* DIRECTIONS:
Pictures stay out; please output the remaining data exactly.

* GIVEN RECORDS:
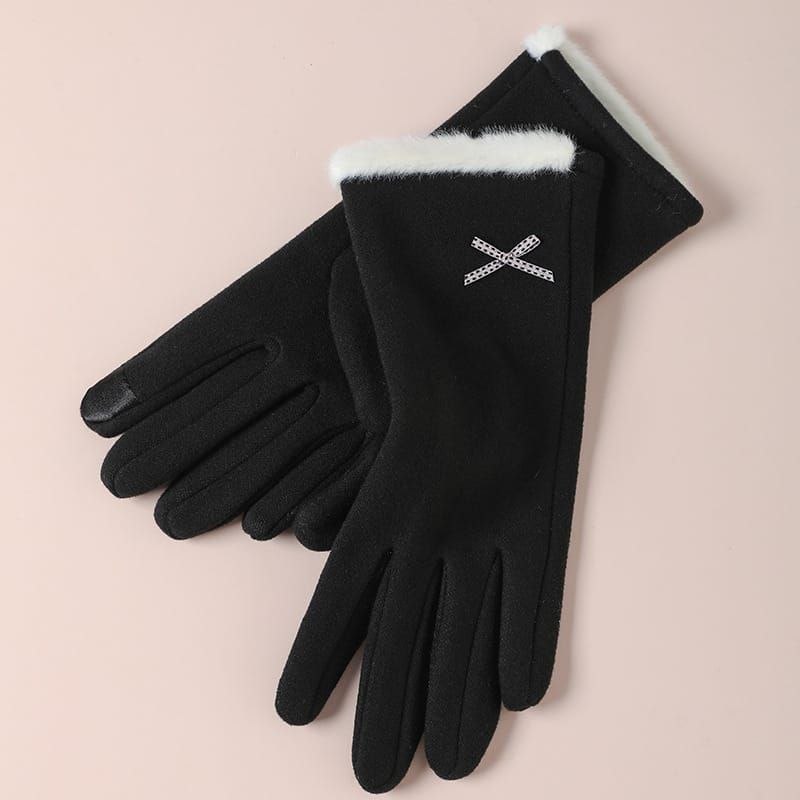 Bow Trim Winter Gloves Black 4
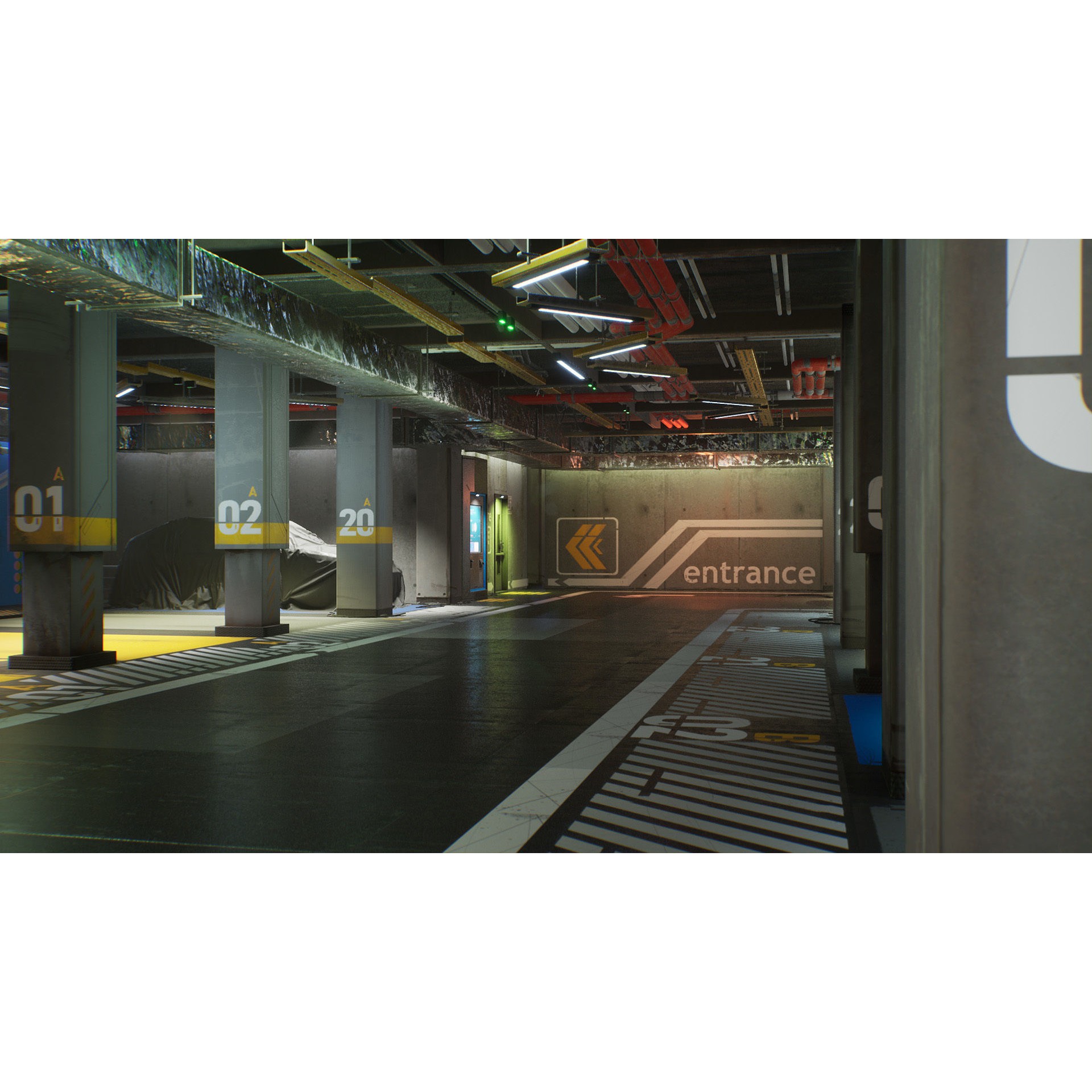 Parking Lot Environment Kit - Low-Poly Game-Ready 3D Model - View 9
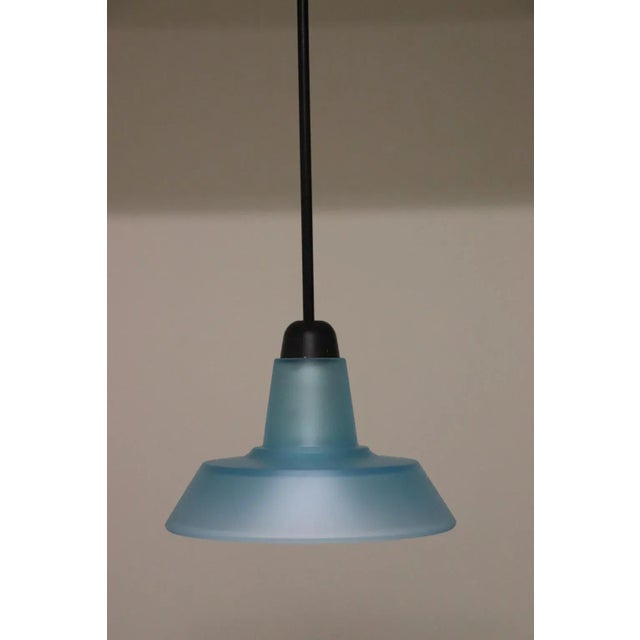 Itre 1990s Modern Murano Aqua Glass Pendant Lamp For Sale - Image 4 of 12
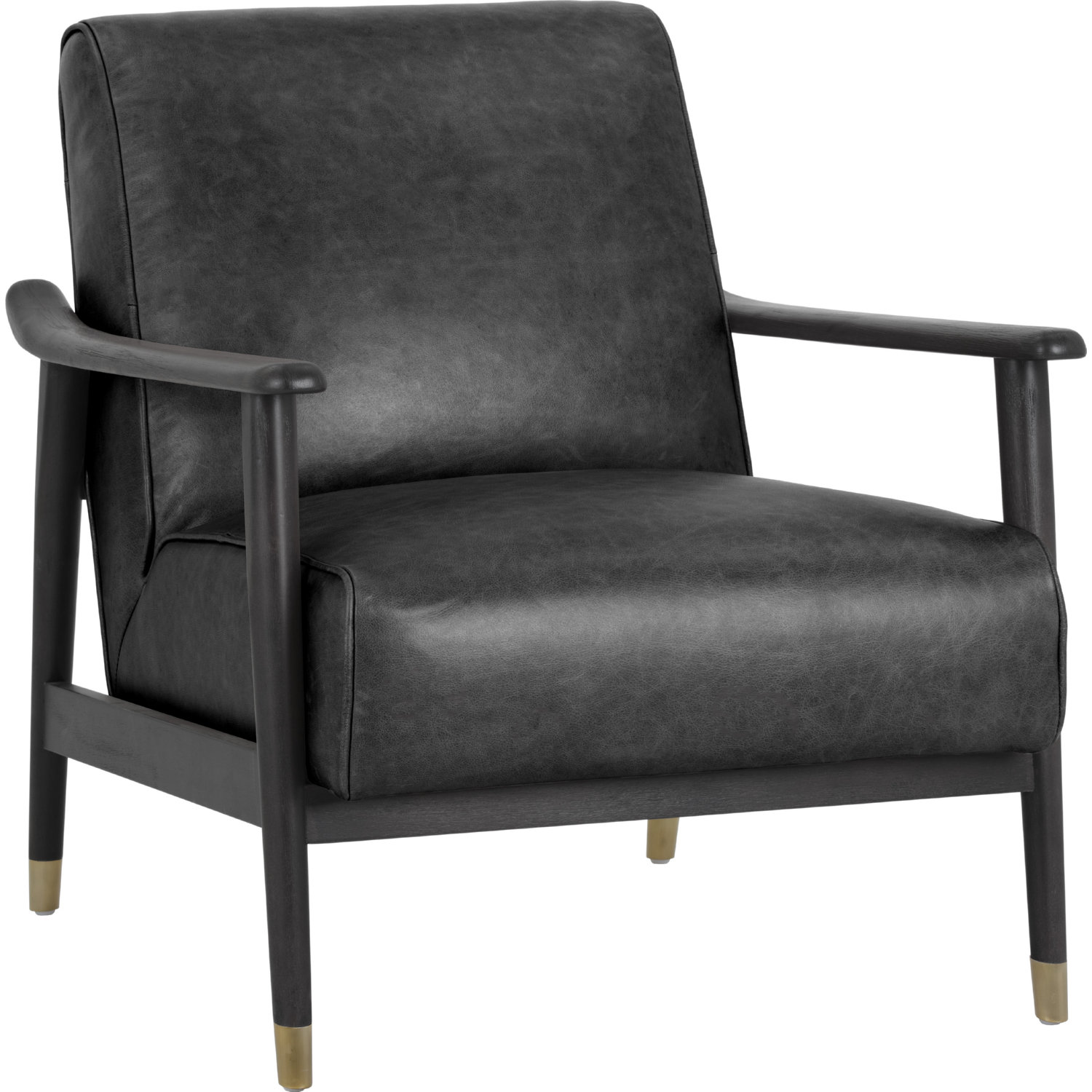 Sunpan 103684 Kellam Accent Chair In Marseille Black Leather On Wood Frame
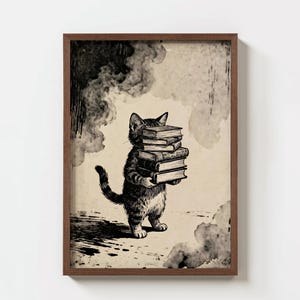 May include: A framed print featuring a black and white illustration of a cat carrying a stack of books. The cat is depicted with detailed fur and is standing on its hind legs. The background has a vintage, aged paper appearance.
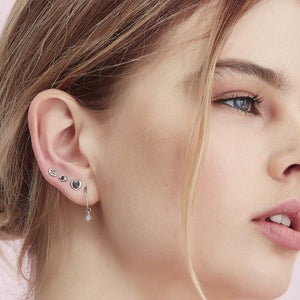 Silk & Steel Jewellery Superfine Keepsake Gold and Blue Topaz Hoop earrings
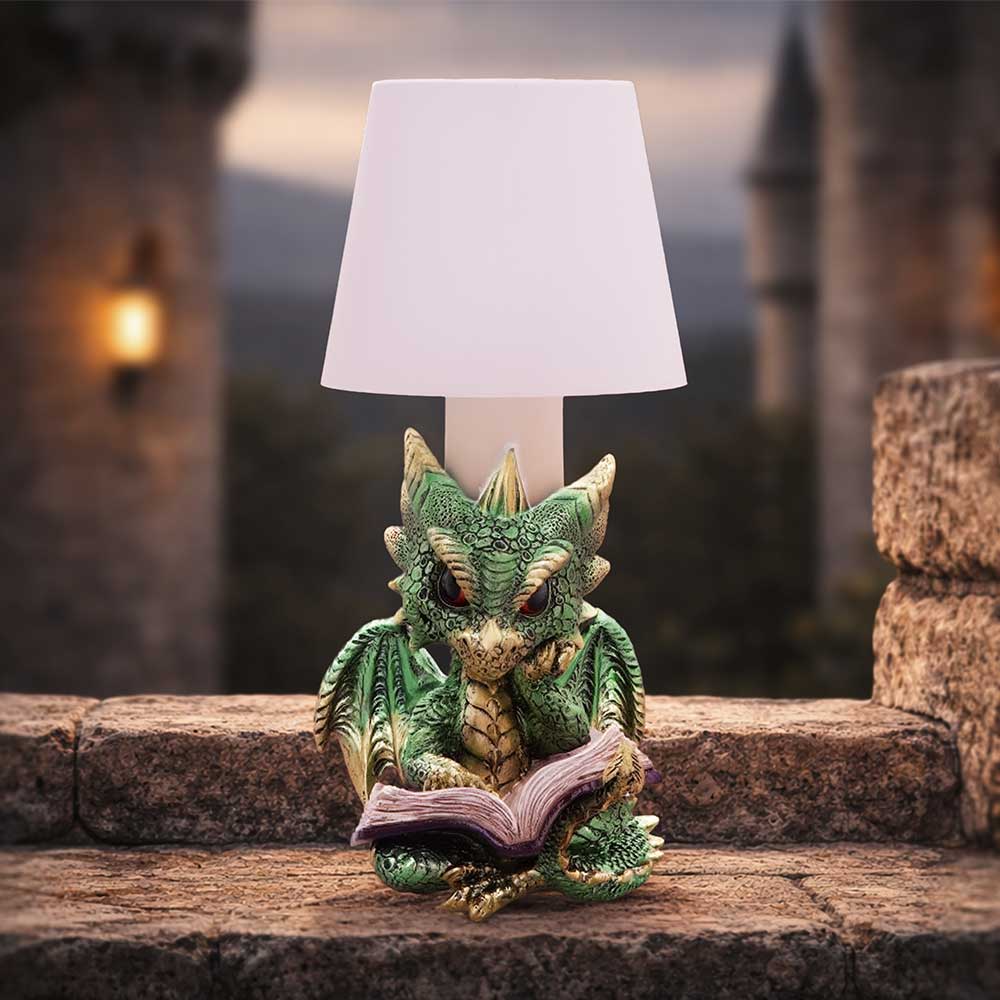 Bookwyrm Green Dragon Touch Lamp - dragon reading lamp in a fantasy display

* EXERCISE OUTPUT:
 Bow Trim Winter Gloves Black 4
 Parking Lot Environment Kit - Low-Poly Game-Ready 3D Model - View 9
 Itre 1990s Modern Murano Aqua Glass Pendant Lamp For Sale - Image 4 of 12
 Sunpan 103684 Kellam Accent Chair In Marseille Black Leather On Wood Frame
 May include: A framed print featuring a black and white illustration of a cat carrying a stack of books. The cat is depicted with detailed fur and is standing on its hind legs. The background has a vintage, aged paper appearance.
 Silk & Steel Jewellery Superfine Keepsake Gold and Blue Topaz Hoop earrings
 Bookwyrm Green Dragon Touch Lamp - dragon reading lamp in a fantasy display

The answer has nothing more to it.